Another thing I say to my students is to let Yin Yoga be a gateway to meditation and mindfulness. You don’t even need this as your intention – sitting still and focusing on the breath and the body in a stretch already is a practice in mindfulness. Over time, you may find it easier to sit still and relax with awareness and presence: this is meditation! You don’t have to be perfectly clear and empty in the mind or in your emotions to be in meditation. The mind will think, the body will feel, and every day will feel different. Finding stillness and resolving to be there – even if you must adjust from time to time for comfort – then breathing and being with whatever comes up without attachments, all of this is the practice of meditation.

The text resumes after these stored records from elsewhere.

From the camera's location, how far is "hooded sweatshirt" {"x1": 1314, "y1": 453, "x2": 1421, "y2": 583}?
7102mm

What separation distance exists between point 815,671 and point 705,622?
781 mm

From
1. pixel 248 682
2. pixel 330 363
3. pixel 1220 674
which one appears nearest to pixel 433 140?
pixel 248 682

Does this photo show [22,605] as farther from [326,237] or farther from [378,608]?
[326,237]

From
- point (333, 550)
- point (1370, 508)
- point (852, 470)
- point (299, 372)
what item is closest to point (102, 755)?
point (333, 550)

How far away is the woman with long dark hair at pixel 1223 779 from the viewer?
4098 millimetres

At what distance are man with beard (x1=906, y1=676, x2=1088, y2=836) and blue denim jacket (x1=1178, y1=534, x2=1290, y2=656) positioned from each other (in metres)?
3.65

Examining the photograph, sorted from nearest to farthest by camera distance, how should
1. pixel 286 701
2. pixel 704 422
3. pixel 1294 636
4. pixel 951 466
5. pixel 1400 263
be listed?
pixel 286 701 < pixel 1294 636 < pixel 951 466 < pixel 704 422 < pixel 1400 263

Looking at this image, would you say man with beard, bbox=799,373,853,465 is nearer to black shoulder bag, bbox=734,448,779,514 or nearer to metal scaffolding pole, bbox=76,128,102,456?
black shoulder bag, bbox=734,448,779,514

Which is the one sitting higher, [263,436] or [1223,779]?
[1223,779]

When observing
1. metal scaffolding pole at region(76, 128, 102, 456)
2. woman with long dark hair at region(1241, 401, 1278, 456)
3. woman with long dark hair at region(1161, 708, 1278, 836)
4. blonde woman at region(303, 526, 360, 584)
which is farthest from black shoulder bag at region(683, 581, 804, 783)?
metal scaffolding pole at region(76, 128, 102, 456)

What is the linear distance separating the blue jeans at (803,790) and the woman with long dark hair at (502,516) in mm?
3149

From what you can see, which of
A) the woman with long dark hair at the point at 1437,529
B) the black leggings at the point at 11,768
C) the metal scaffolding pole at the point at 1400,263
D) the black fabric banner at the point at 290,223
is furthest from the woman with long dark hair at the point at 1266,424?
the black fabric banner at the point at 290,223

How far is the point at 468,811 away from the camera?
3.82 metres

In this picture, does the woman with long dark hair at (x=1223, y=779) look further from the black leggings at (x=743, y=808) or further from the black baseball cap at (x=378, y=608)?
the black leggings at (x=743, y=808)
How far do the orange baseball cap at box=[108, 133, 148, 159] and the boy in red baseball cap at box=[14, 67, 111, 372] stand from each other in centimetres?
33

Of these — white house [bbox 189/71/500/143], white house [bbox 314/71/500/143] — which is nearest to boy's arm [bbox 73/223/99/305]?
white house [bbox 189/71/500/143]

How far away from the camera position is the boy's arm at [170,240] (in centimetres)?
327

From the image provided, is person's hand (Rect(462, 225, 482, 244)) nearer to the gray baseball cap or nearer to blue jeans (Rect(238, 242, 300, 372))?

A mindfulness or meditation practice helps us live in the moment fully awake. Simply put, mindfulness is the balance of an open attention on the present moment in a calm and grounded state. Yoga philosophy, as well as many other spiritual paths, agree that this is about accessing a deep witness to life as it is – when we see things clearly as they are, we can respond to our circumstances with clarity and newfound strength. One can practice mindfulness in any yoga class and moving meditations to reap many benefits. However, the reason I love Yin Yoga for this is because it is quiet and still, cool and spacious. The idea is to resist action, reaction, and the need to burn everything up. (Fire and force – the more Yang side of life and yoga is important, too, but our culture is addicted to this kind of transformation. We can’t seem to sit still with presence.)
During a Yin class, the student holds seated postures for 1-5 minutes at a time, deepening and breathing into the sensations of the body, mind, and heart without wavering, gently exploring what comes up. This brings us directly into mindfulness practice with stillness and humility – instead of waiting for a perfect tomorrow we’ve conjured in our minds, we must be with ourselves and cultivate a self-love and acceptance right now. Until we love our body, our breath, our minds, and our lives as they are, we cannot approach the world, others, injustice, challenges, and celebrations with the same openness and awareness.